→ Exercise requirements: Using the material below, copy every line where "Picture" appears.

── Source information ──

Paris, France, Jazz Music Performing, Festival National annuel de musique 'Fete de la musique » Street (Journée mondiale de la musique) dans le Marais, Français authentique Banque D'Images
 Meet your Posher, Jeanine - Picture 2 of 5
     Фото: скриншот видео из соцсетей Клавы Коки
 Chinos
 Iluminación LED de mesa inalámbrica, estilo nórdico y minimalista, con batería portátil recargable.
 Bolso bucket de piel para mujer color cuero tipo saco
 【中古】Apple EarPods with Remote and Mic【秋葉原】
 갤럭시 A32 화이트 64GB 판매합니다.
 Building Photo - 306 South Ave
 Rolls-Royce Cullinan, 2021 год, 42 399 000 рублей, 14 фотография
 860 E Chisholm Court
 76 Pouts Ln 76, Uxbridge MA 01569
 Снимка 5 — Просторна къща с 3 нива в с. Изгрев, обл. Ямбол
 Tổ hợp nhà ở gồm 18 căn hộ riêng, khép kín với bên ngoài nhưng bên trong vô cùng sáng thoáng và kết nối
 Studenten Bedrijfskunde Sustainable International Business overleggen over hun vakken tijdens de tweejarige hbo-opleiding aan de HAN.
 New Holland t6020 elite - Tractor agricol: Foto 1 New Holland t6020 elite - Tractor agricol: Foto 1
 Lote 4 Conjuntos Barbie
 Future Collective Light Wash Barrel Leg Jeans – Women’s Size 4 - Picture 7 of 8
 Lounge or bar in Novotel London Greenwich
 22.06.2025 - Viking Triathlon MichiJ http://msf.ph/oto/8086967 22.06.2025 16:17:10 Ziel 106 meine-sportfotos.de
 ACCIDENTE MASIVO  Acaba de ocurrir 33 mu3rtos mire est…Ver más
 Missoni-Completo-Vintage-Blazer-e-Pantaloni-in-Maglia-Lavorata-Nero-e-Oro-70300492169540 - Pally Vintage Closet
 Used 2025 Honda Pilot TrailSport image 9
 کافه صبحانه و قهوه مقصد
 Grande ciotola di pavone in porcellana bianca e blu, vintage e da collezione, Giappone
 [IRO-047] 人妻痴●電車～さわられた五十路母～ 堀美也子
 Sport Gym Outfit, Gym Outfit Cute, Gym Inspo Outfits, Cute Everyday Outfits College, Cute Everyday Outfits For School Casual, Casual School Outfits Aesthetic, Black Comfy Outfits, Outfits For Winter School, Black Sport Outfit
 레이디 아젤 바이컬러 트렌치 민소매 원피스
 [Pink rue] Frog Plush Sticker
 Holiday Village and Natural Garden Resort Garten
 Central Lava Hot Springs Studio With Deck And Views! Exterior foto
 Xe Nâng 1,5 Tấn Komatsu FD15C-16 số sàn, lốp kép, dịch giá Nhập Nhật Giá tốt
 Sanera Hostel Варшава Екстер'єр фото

───

→ The completed task:
 Meet your Posher, Jeanine - Picture 2 of 5
 Future Collective Light Wash Barrel Leg Jeans – Women’s Size 4 - Picture 7 of 8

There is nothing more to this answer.